Supplied information: Begin

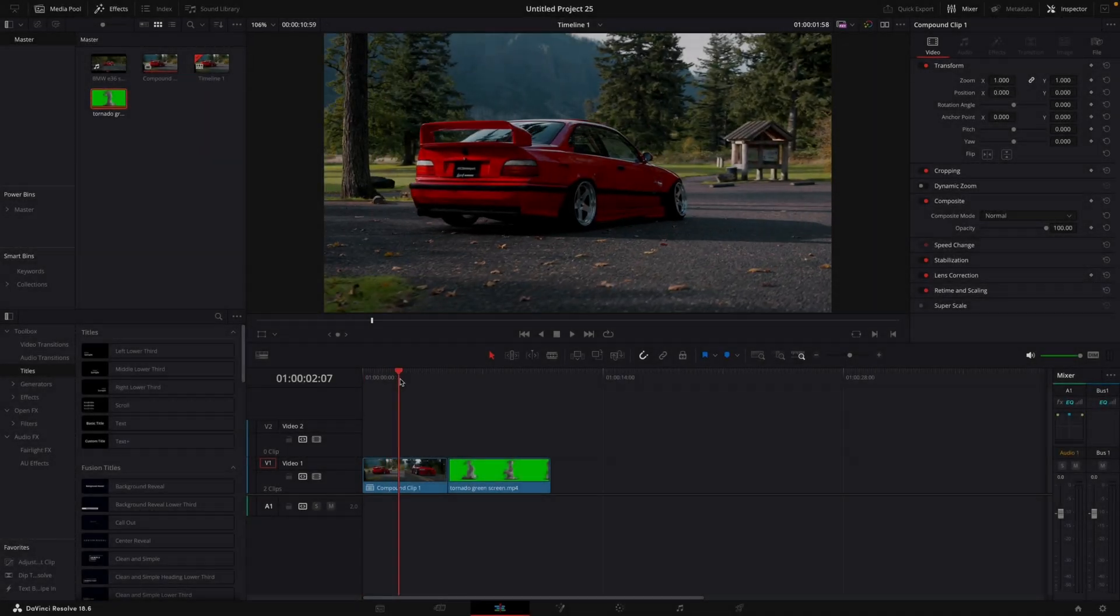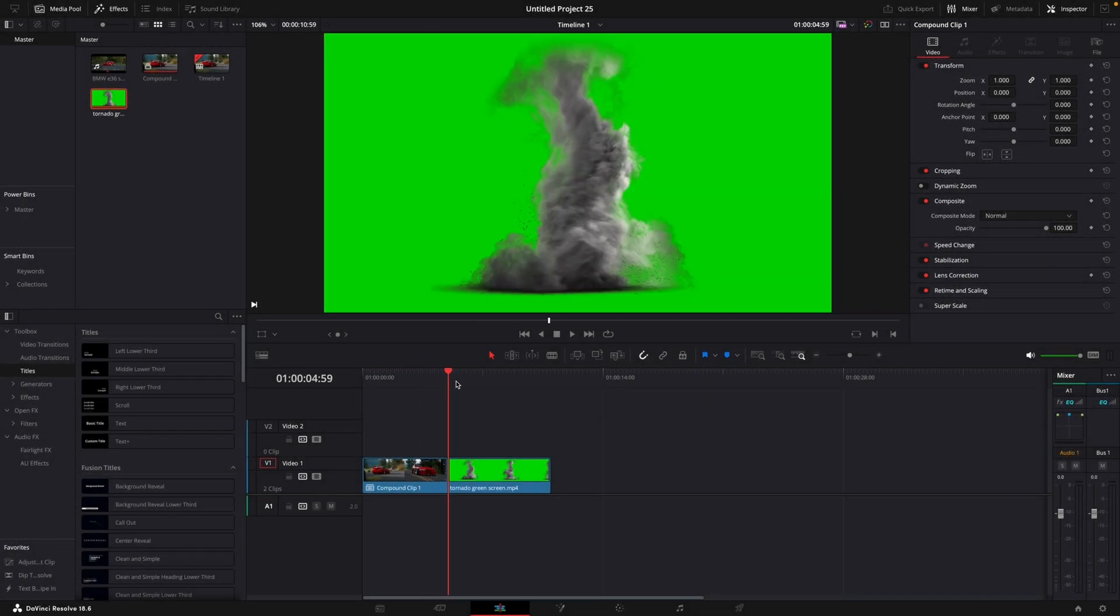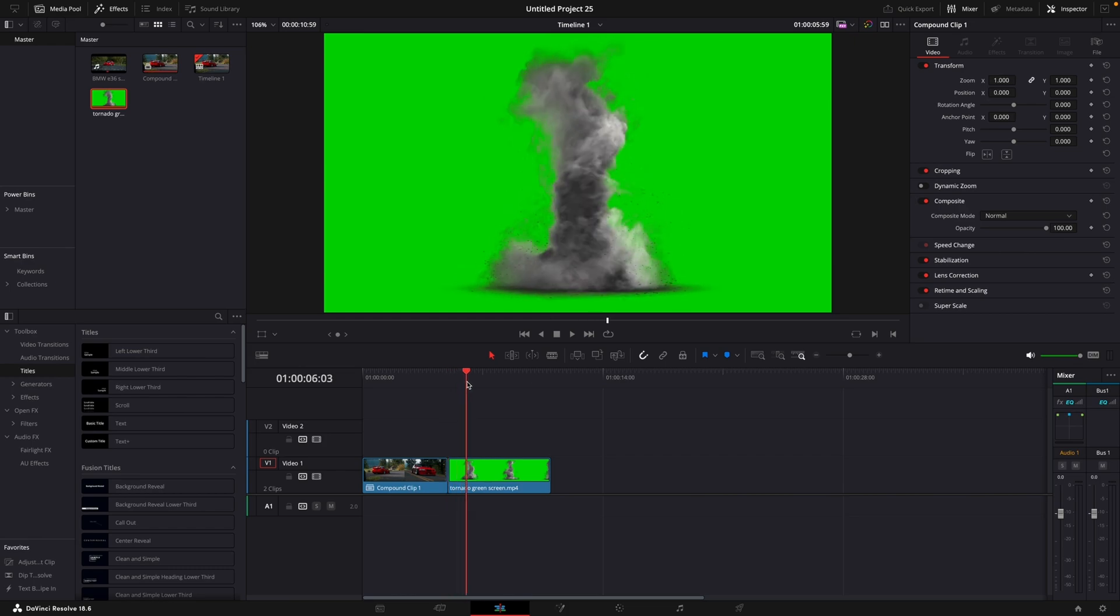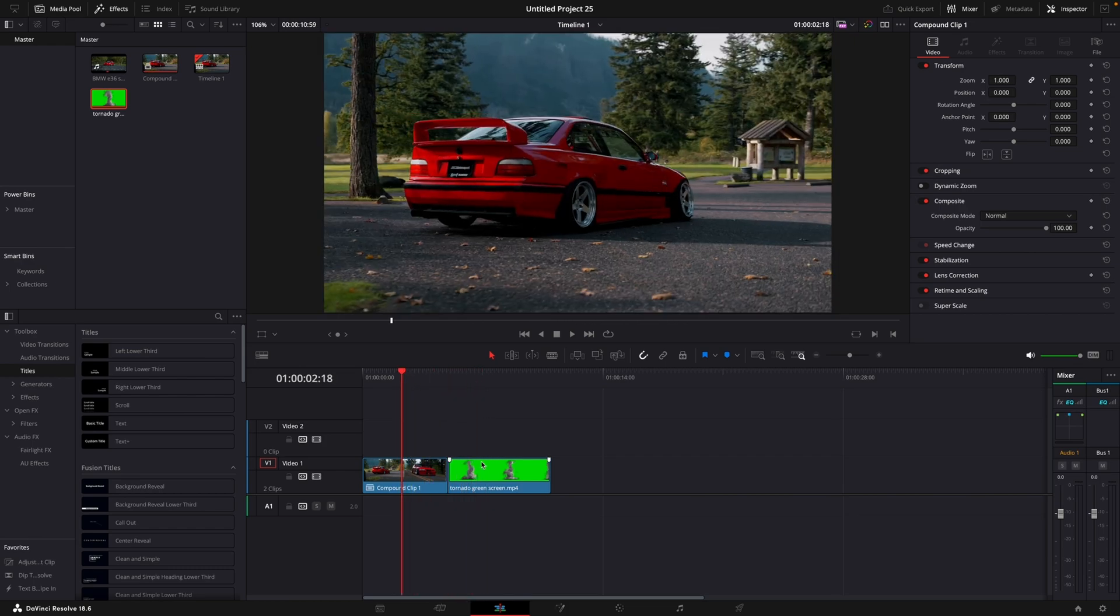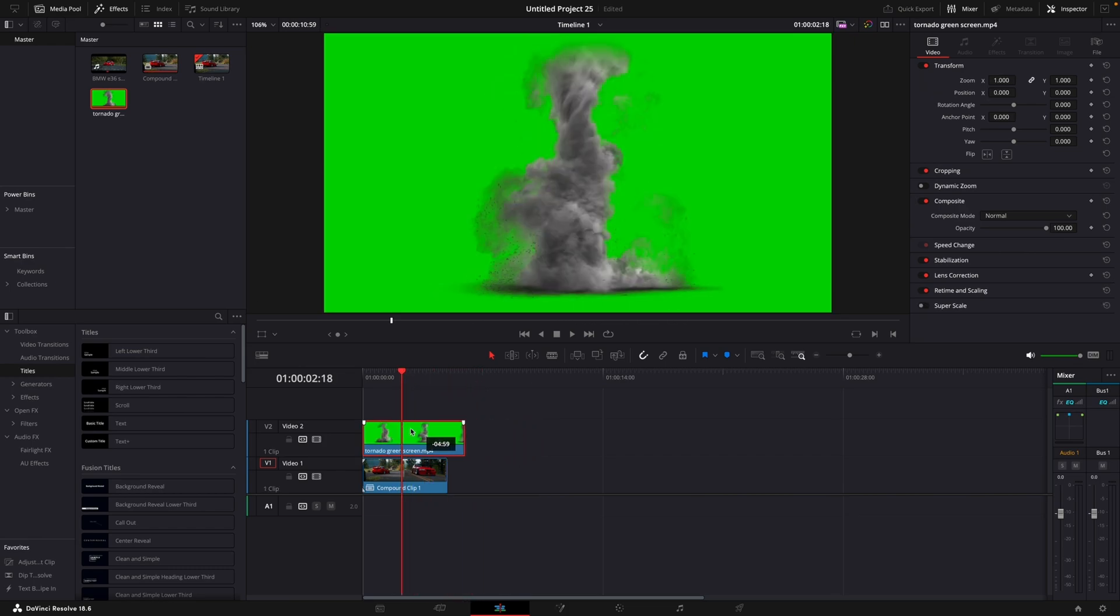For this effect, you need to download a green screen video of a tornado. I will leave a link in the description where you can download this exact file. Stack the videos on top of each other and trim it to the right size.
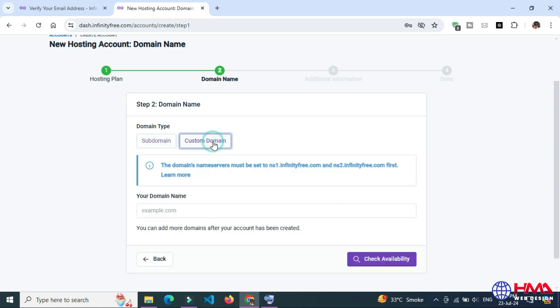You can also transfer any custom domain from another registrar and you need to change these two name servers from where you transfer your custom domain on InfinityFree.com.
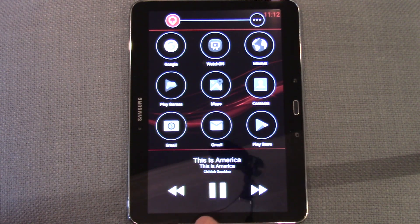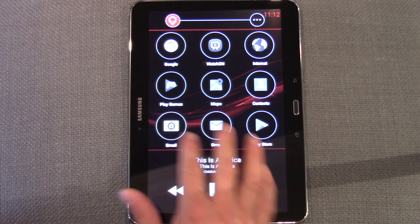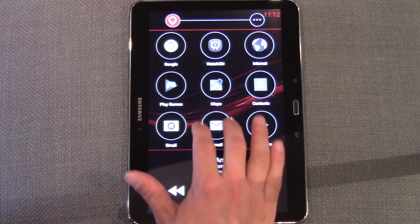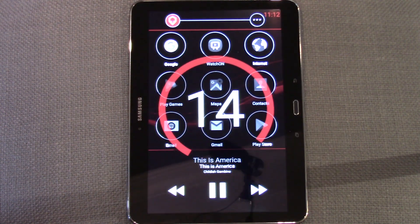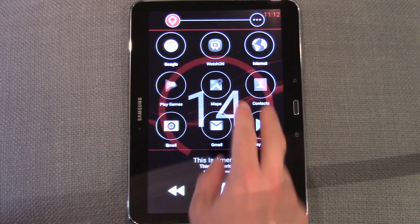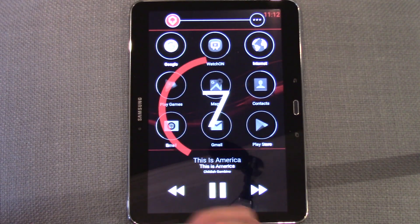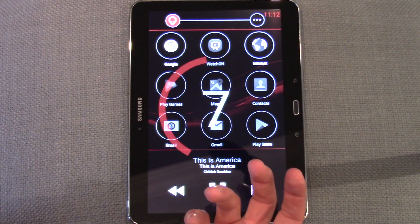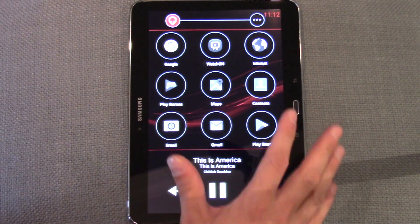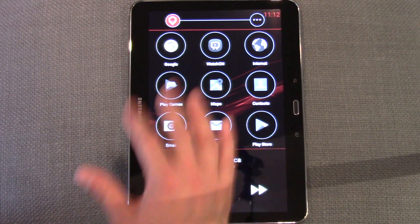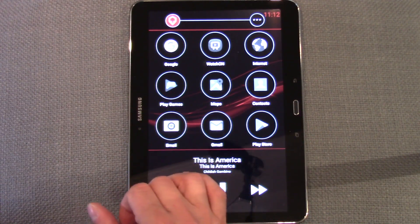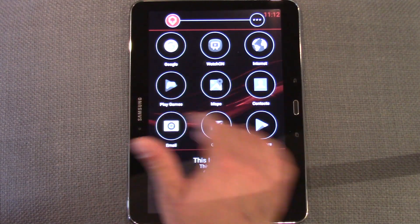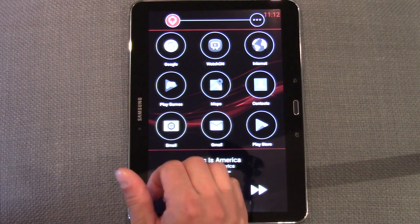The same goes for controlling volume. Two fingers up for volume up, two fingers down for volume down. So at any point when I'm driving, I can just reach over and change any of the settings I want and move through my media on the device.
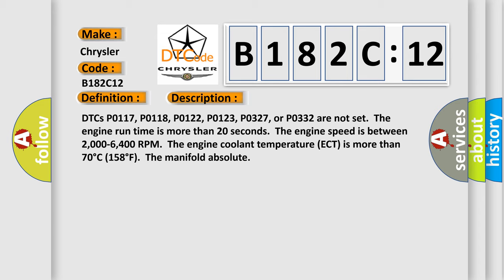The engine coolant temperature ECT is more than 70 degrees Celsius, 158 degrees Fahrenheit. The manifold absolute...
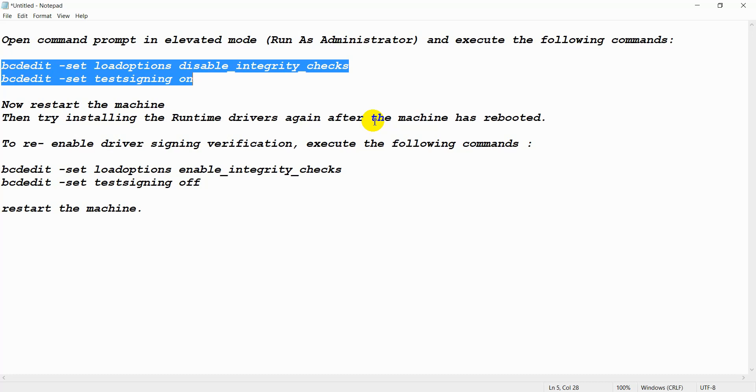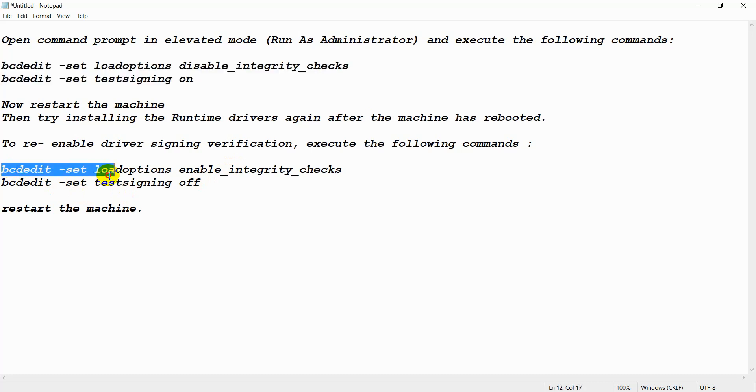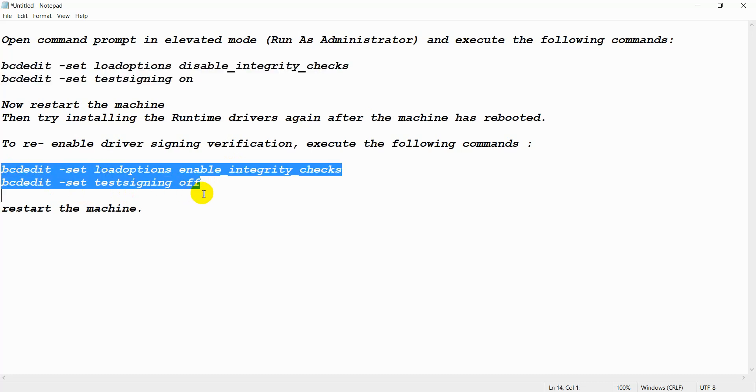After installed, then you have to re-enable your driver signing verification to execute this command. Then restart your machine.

Supplied information: End

- What is being asked: Repeat the lines exactly, starting with the line that contains "The engine coolant" and ending with the last line of the entries. Keep both of those lines but no pictures.

- Solution to the problem:
The engine coolant temperature ECT is more than 70 degrees Celsius, 158 degrees Fahrenheit. The manifold absolute...
After installed, then you have to re-enable your driver signing verification to execute this command. Then restart your machine.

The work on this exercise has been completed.